Stop HR4681, aka. Stop 1984

The internet certainly is on fire, isn't it?  Here's another head turner for Americlaps: the NSA & friends tried to sneak in a financial bill to congress that hid a clause that allows unrestricted access for them to snoop anything they deem degenerate, known as "HR4681". For example:

>shall permit the acquisition, retention, and dissemination of covered communications

Covered communication being defined as...

>communication'' means any nonpublic telephone or electronic communication acquired without the consent of a person who is a party to the communication, including communications in electronic storage.

>Meaning all your phone calls, emails, chat logs and even documents in cloud storage are free rain with no warrants, over-site or accountability.

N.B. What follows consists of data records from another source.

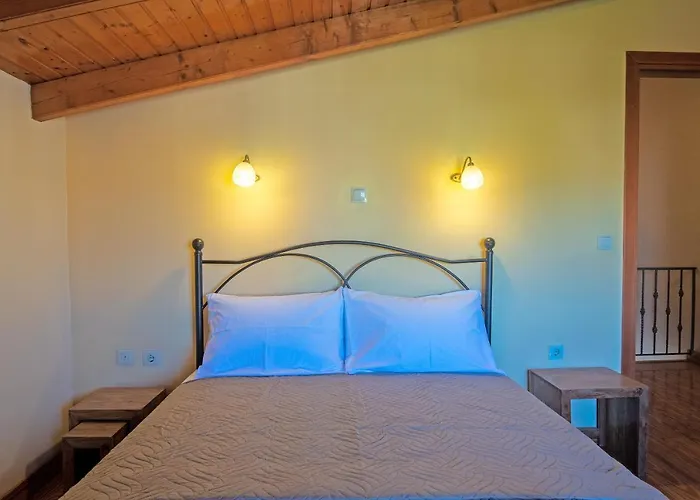 Corfu Summer Maisonette *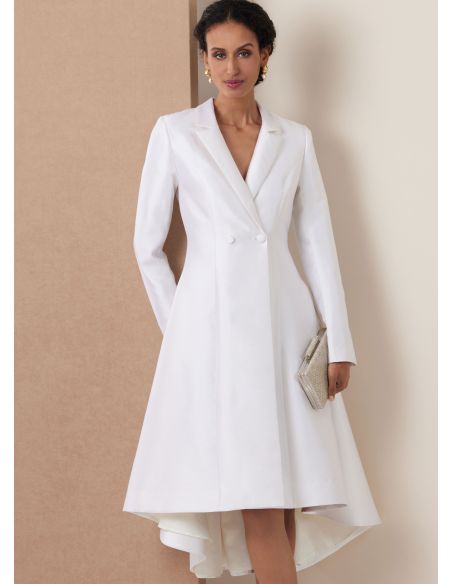 Patron de robe tailleur - Vogue 2125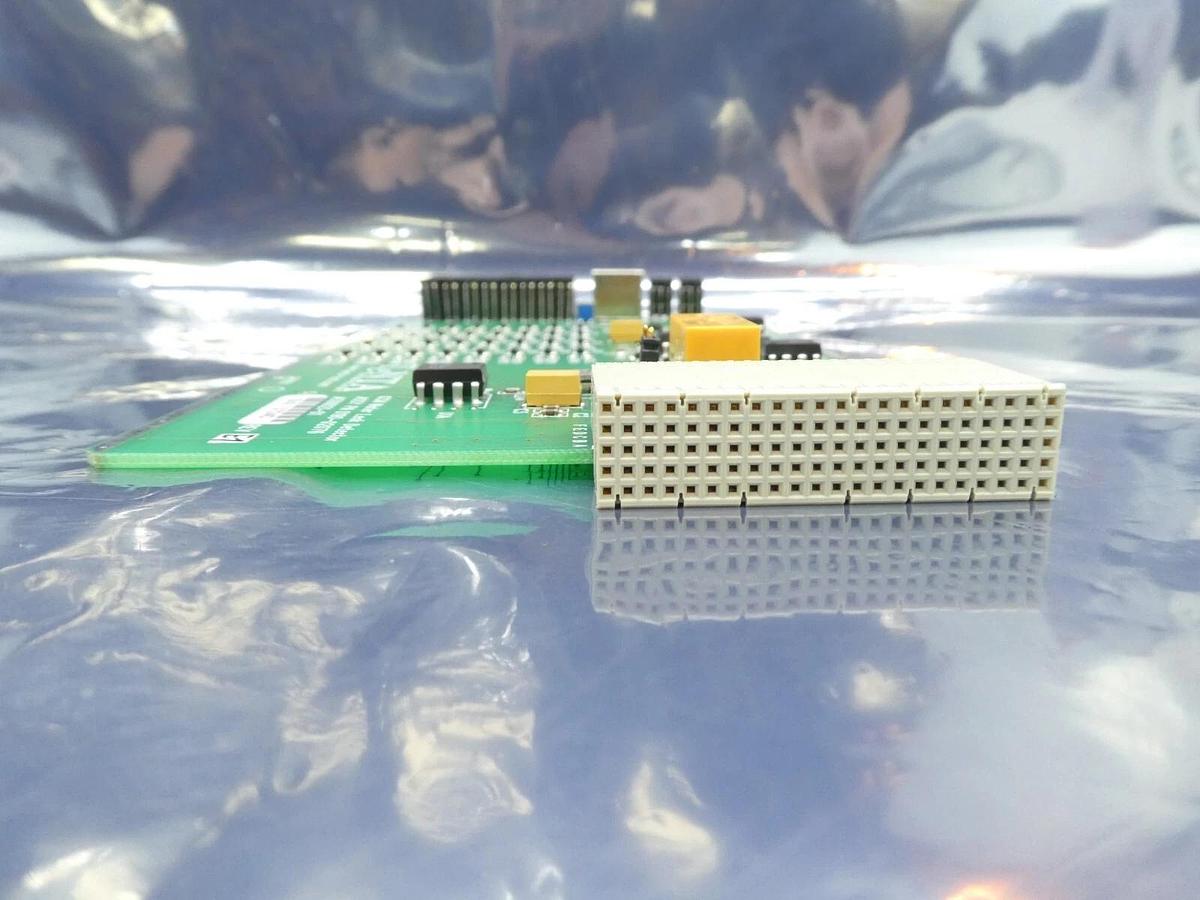 Used TeNTA AS00021-01 CCM Water Leak Detector PCB Card AMAT 0190-02076 No Face Plate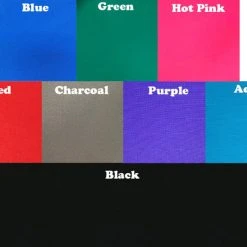 Handler Color Block Training Pants -Puppy`s Store Pack20Cloth20Color20Chart202020 full 78192.1643652825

And all this info can be shared freely between all federal and local government agencies including local police. This is the worst law that has ever been passed by congress in our entire history. There is almost no chance Obama will veto it, our only hope is the courts save us and deem this unconstitutional but they have been happy to fuck us over recently. The whole cavity in this law is it does not authorize the collection, NSA already does that it only authorizes the sharing of the data, the fourth amendment doesn't mention sharing of documents once obtained. We are fucked.

Full text can be found here, under section #309: https://www.congress.gov/bill/113th-congress/house-bill/4681

Voting of the initial bill: http://clerk.house.gov/evs/2014/roll271.xml

For those that want to change this, see who your representative is, and call them up to get it through their thick skulls: http://www.opencongress.org/people/zipcodelookup

For those out of the US (this unleashes the NSA worldwide, btw), you can still show awareness in this petition: https://petitions.whitehouse.gov/petition/protect-our-privacy-and-please...

This has been sitting for a while this week, and was only caught by Justin Amash - if the representatives' votes are unchanged, this goes straight to Obama, where fate will be out of the people's hands.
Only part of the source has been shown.